The debate continues about whether or not business plans are necessary. Some say they are not needed, yet in today's world, the functionality of the business plan cannot be eradicated. They have been used for various purposes; govern operations and funding are two of the main areas.
The process allows the business owner to critically think about their business and then along with the writer/preparer of the document develop a document which cements these plans.
If we were to look at 10 reasons for a business plan and the processes required well the following should help to make it clear.
- Good business plans are NOT cheap. You have to research the information that goes into the business plan and it needs to be current; not over a decade old. This was seen in many instances where people opted for cheaper plans and they didn't realize their objective and the client then had to seek additional help. Accessing the up-to-date information to go into the plan is expensive, they are prepared through studies done by individuals and institutions who fill that role.
- You can get technical assistance for preparing a business plan; some even provide total/partial funding to assist you in getting this process completed.
- You need to work with your team to get a solid business plan done - Yes, your team should comprise an accountant, legal, financial advisor, operations, marketing, and your business advisory support. These are broad headings since your team may be larger when you drill down.
- Proper business structure - too many people are forming businesses without using the correct structure for their operation. Your business structure is key to your success, especially if you operate under the broad categories of for-profit/not-for-profit.
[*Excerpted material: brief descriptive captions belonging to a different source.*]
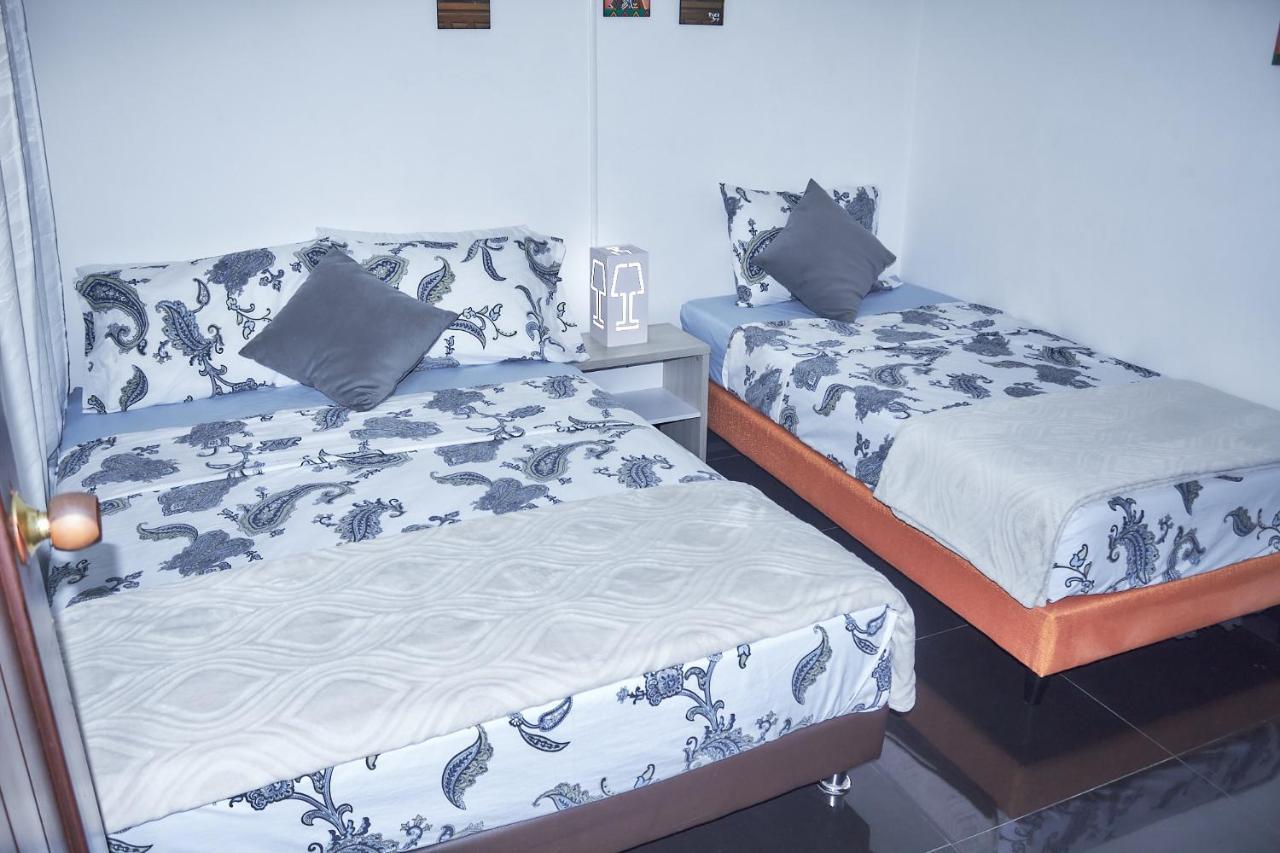 Cozy Apartment Excellent Location, Air Conditioning Cali Exterior photo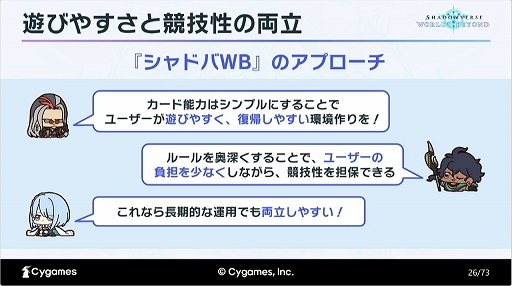���������꡼ No.009�Υ���ͥ������ / �Υ��󥿥ӥ塼�Ϥ��ͷ�Ӥ䤹����������������Shadowverse: Worlds Beyond�פ��뤲���ȿʲ��ɤ�꡼�ɥ�����ǥ����ʡ��εܲ����ʹ����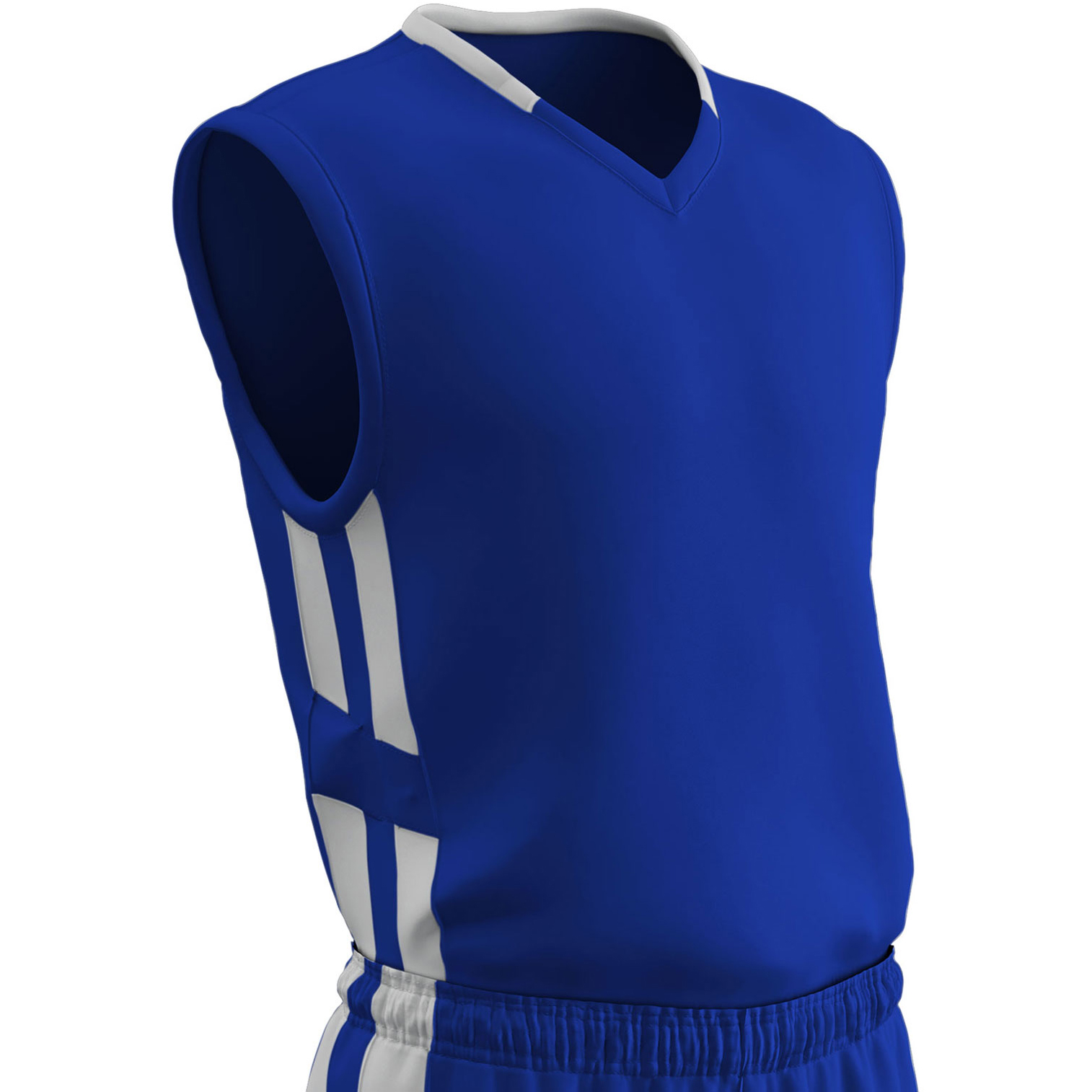 Basketball Jersey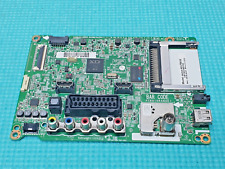 PLACA AV PRINCIPAL MB LG 42LF5610 42" TV LED EAX66164204 EBT63765702 TELA:LC420DUE comprar usado  Enviando para Brazil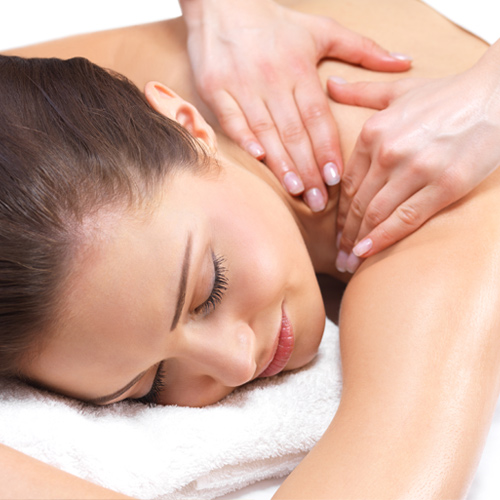 Siêu KM DV Massage Kèm Ăn Nhẹ - Cam Kết Phục Vụ Đúng Liệu Trình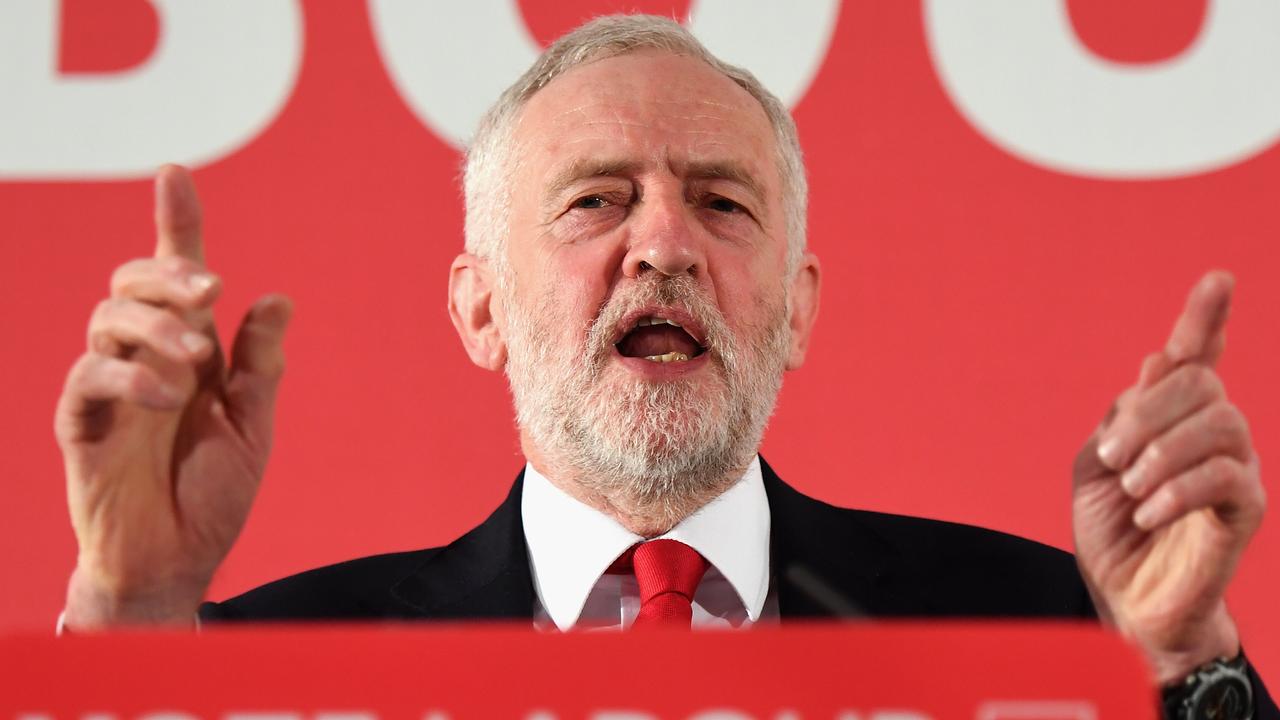 Russian influence in UK election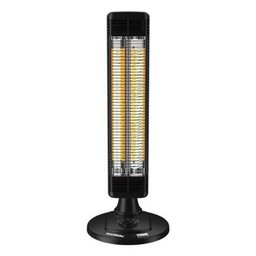 مدفأة كهربائية هاوسبيرغ Hausberg Hausberg HB-8565NG Electric Radiator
- The business plans, especially those seeking funding, will be scrutinized heavily by financiers. Don't try to sell heat with your financials, they will be converted using ratio analysis to see a more realistic picture than the currency's initial stories.
- Use assumptions that make sense. Telling someone that the market is a certain large size and that you can control 1% of that market as a segment is not as easy as one would initially think. You end up shooting yourself and your business in both legs when you cannot deliver. Your credibility is then shot and it seems like you are not competent to run such an operation.
- Understand money follows management. This is not a cliche. Have a solid management team in your planning complete with what their required roles entail.
- Due diligence will be done. Are you statutorily compliant? Is your reputation for treating staff well sound, do you pay your bills on time; these and others are questions that will be asked and answered.
- Is your business well thought out?
- Not all the money you pay for the business plan is for the vendor to keep, they have resources they have to pay for as well to ensure you get the best results for your plan.